Both guests and hosts say it’s generally understood that mistakes are bound to happen and when they do, there’s really no need for an elaborate apology. “I just thought, ‘This is the cost of free labor,'” says Roland Dandy, the 44-year-old postal worker who knocked down the wrong wall at Debora Beam’s party in Toronto.
Some partygoers are getting tired of the tradition. Gabe Taylor, 33, a geologist in Olympia, Wash., says he’s already helped one couple build a split-rail fence and a gazebo in the last year and has since skipped about half of their party invitations. When he’s ready to renovate his new house, Mr. Taylor says, “I’m going to try to sucker them down to Olympia with the promise of a good time drinking and listening to music and then when they get here, I’m going to hand them a shovel and a paint brush.”
Marketing executives at Home Depot say the company has noticed that women are holding do-it-yourself work parties, and has incorporated that concept into a new promotional campaign. Producers of the HGTV show “Over Your Head,” which helps people fix their botched renovation jobs, say they’re already getting two or three submissions a week that involve mishaps made at renovation parties.

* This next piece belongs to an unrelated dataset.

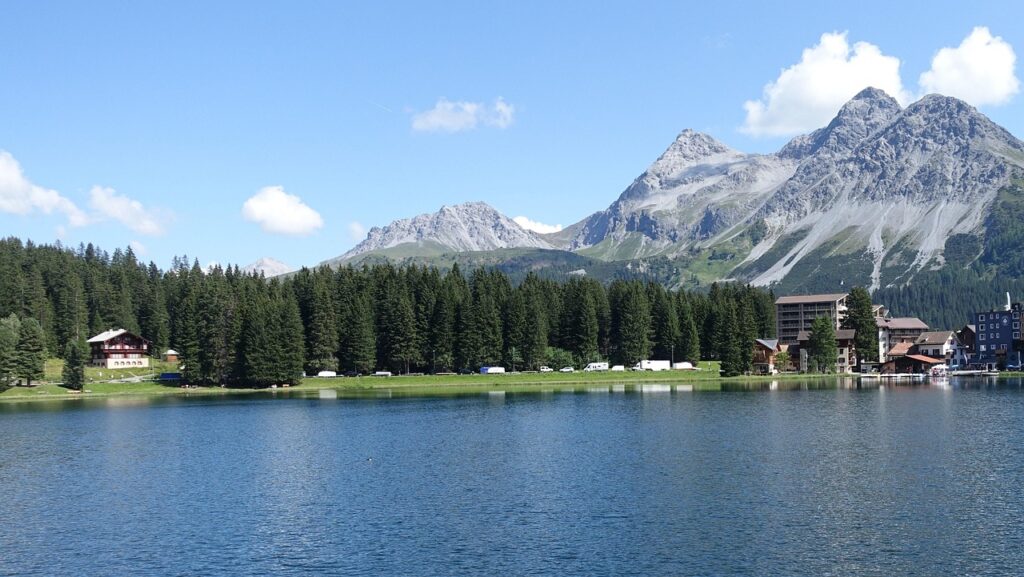 Experience cross-border Swiss-Italian transfers in eco-luxury with SwissChauffeur – perfect for a stylish reset in the Swiss Alps.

After her do-it-yourself renovation plan went awry in Toronto, Ms. Beam contacted producers from a TV show called “Save Our House, Save Our Family,” which sent a contractor (and a camera crew) to help her patch things up. The episode airs on the AmericanLife TV Network in November.
Ken King, a 35-year-old Seattle advertising manager, says he didn’t get too frustrated when his brother-in-law, Jonathan Cook, laid a floor’s worth of crooked tiles in his bathroom at a party in 2002. The free labor was worth the inconvenience. But he says he did learn a lesson: For his next renovation party later this year, he plans to assign only menial tasks or, as he puts it, “things you kind of can’t screw up.”
Among them, breaking concrete and moving rocks for a backyard wall. “Grunt labor is what I’m looking for,” he says.